DATA FOR THE TASK —

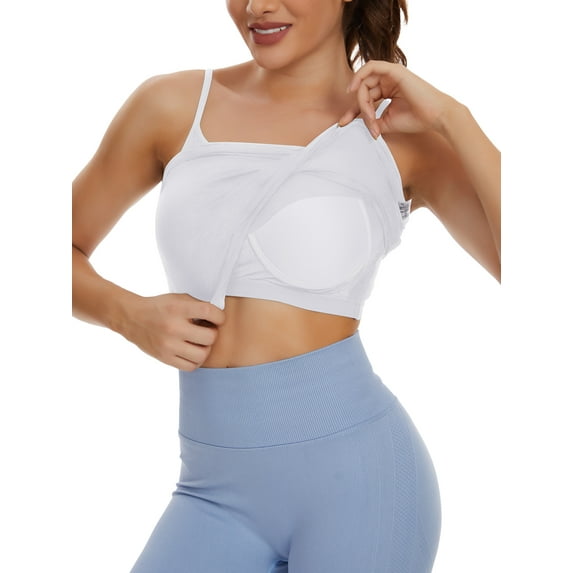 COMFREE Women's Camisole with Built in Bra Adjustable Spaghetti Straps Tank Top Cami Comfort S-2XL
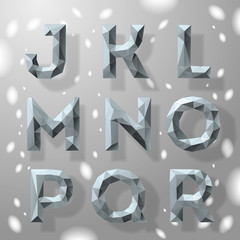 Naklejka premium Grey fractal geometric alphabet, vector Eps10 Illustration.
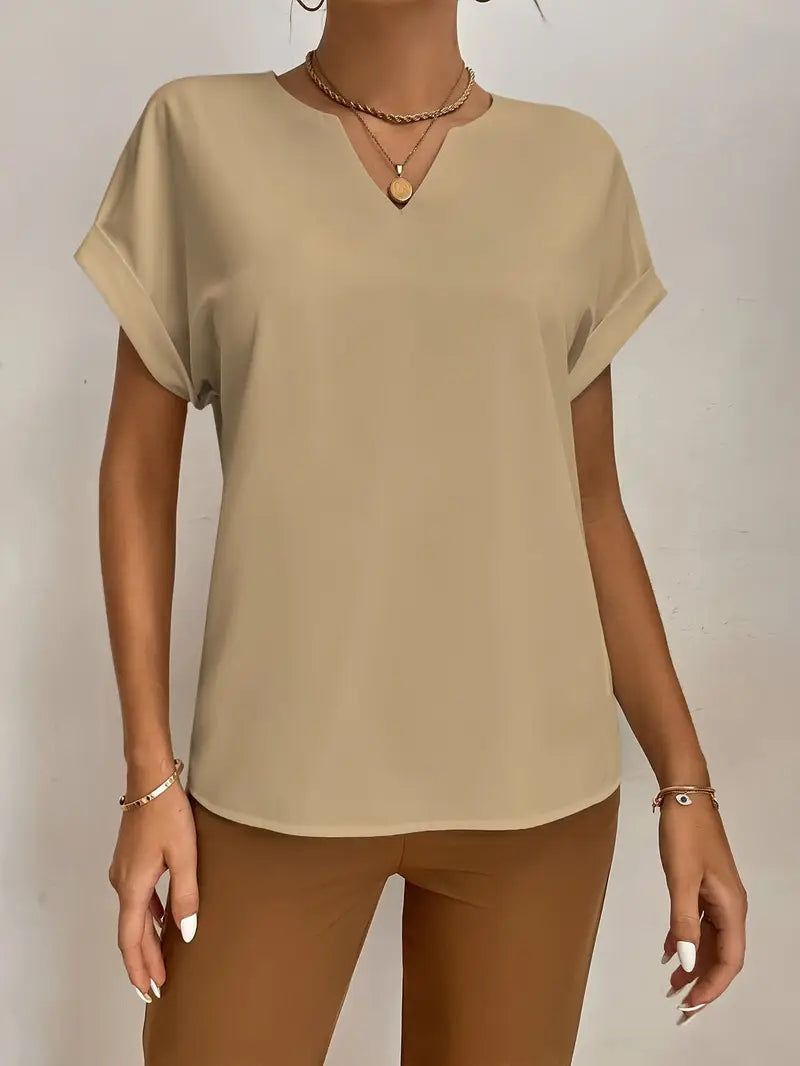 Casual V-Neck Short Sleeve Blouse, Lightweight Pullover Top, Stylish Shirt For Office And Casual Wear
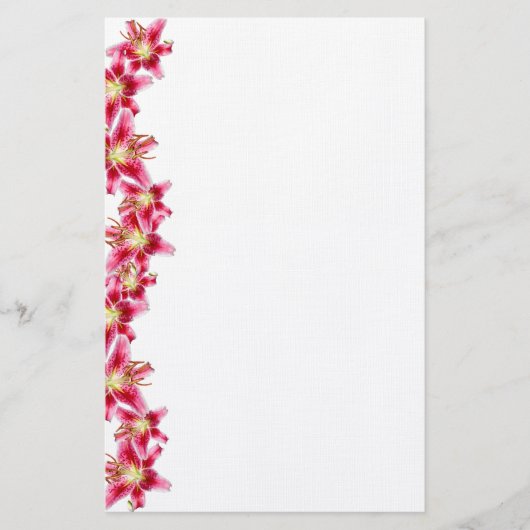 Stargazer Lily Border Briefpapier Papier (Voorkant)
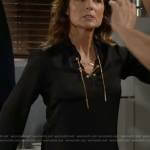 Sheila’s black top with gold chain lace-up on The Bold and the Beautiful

==

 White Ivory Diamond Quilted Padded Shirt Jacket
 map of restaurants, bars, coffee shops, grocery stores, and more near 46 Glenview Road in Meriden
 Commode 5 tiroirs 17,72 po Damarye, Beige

* * *

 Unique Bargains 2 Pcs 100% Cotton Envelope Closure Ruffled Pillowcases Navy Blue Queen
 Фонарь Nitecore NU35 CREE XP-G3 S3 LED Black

WHAT THE TASK ASKS — Copy only the lines above from the one containing "Naklejka premium Grey" through the one containing "Stargazer Lily Border", both included. Leave out the pictures.

RESULT OF THIS EXERCISE —
 Naklejka premium Grey fractal geometric alphabet, vector Eps10 Illustration.
 Casual V-Neck Short Sleeve Blouse, Lightweight Pullover Top, Stylish Shirt For Office And Casual Wear
 Stargazer Lily Border Briefpapier Papier (Voorkant)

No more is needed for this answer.